# NHL 2024-25 Data Collection

This notebook retrieves game and player statistics from the National Hockey League's 2024-25 season using the official NHL web API (`api-web.nhle.com`).  The goal is to produce clean, structured data sets that can be used for predictive modelling.  The notebook performs the following steps:

* **Scrape schedule:** Generate a list of all regular-season game IDs and basic game information (date, teams, scores, home/away).  The NHL API exposes a schedule endpoint that can be queried by date.  We iterate over every date in the season to build a full schedule.  The API’s season endpoints return JSON describing the games, including home/away teams, game ID and final score【591982464243434†L0-L17】.
* **Download boxscores:** For each game ID we query the NHL "gamecenter" endpoint, which returns a detailed boxscore that includes player statistics for both teams.  This endpoint groups players by position (forwards, defence and goalies) and provides stats such as goals, assists, points, shots, hits, penalty minutes and time-on-ice【131195590886814†L280-L307】.
* **Build player-game table:**  We flatten the boxscore JSON into a table where each row corresponds to a single player's performance in a single game.  The table includes the player's ID, name, position, team, game ID, date and all available statistics.  Players not dressed for the game (scratches) are also recorded when the information is present in the boxscore.
* **Build game-team table:**  We derive a simpler table where each row corresponds to a team in a given game, capturing final score, home/away flag, starting goalie and counts of scratches.  This makes it easy to join player-level data with team outcomes later.
* **Save data:**  Both tables are saved to disk (CSV or Parquet) so that they can be reused without re-scraping.
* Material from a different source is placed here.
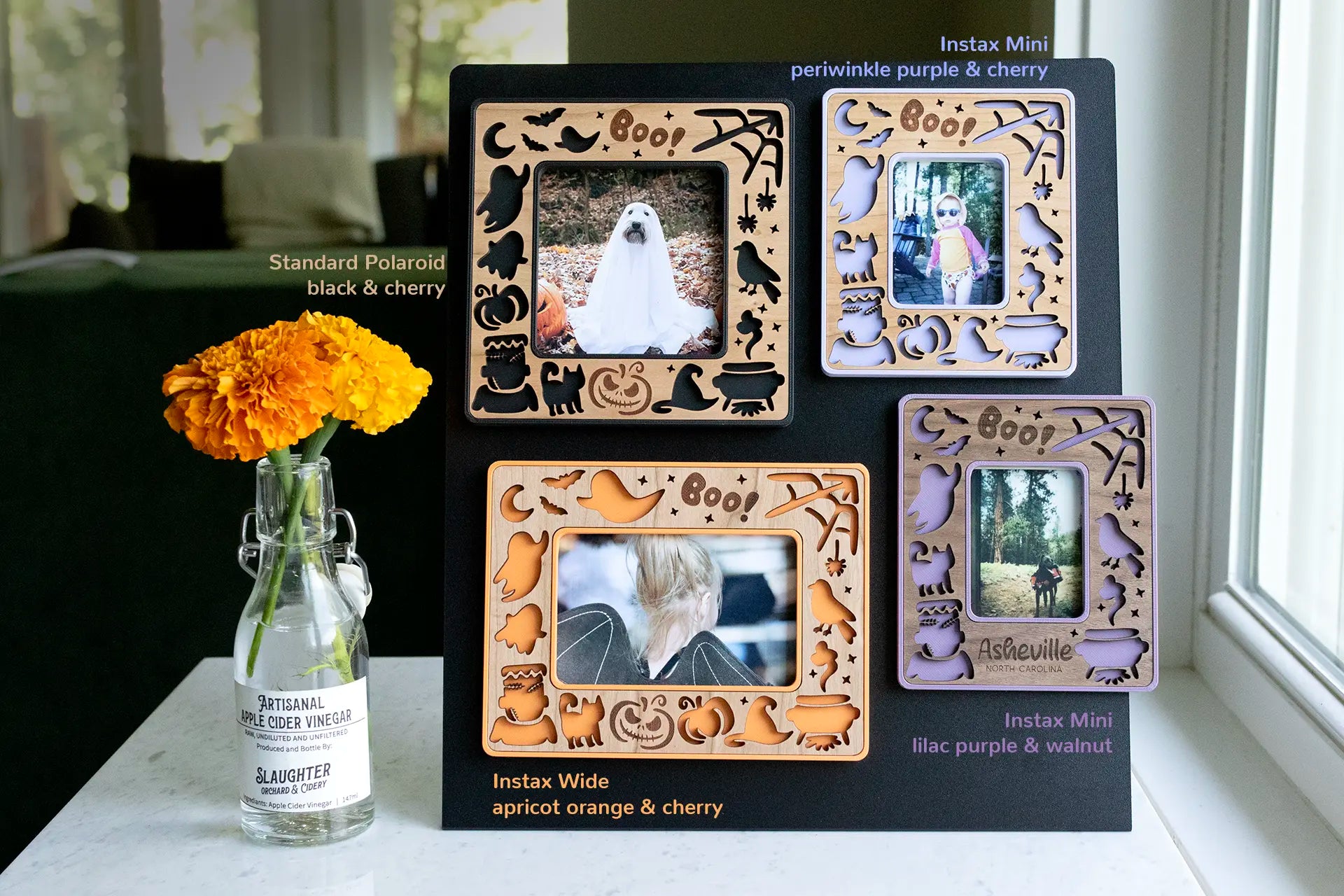 Laser cut Halloween picture frame with magnets for the fridge. Frames are displayed on a magnetic surface and available in purple, orange, and black. Frames feature cut-outs of ghosts, pumpkins, Frankenstein, black cats, and more. Sizes include Instax Mini, Instax Wide, and Polaroid frames.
The notebook relies on the open NHL API described in a recent technical article【131195590886814†L280-L307】 and on the TopDownHockey scraper documentation for context【430751149834465†L264-L306】.  You will need an active internet connection when running the code because it queries the NHL servers.


In [9]:
import requests
import pandas as pd
import datetime as dt
from tqdm import tqdm

# Season you want to scrape.  The NHL encodes seasons as the two year span (e.g., '20242025')
SEASON = '20242025'

# Date range for the 2024-25 regular season.  Adjust if you want to include pre-season or playoffs
season_start = dt.date(2024, 10, 1)  # first regular season games
season_end   = dt.date(2025, 6, 30)   # last possible playoff date (adjust as necessary)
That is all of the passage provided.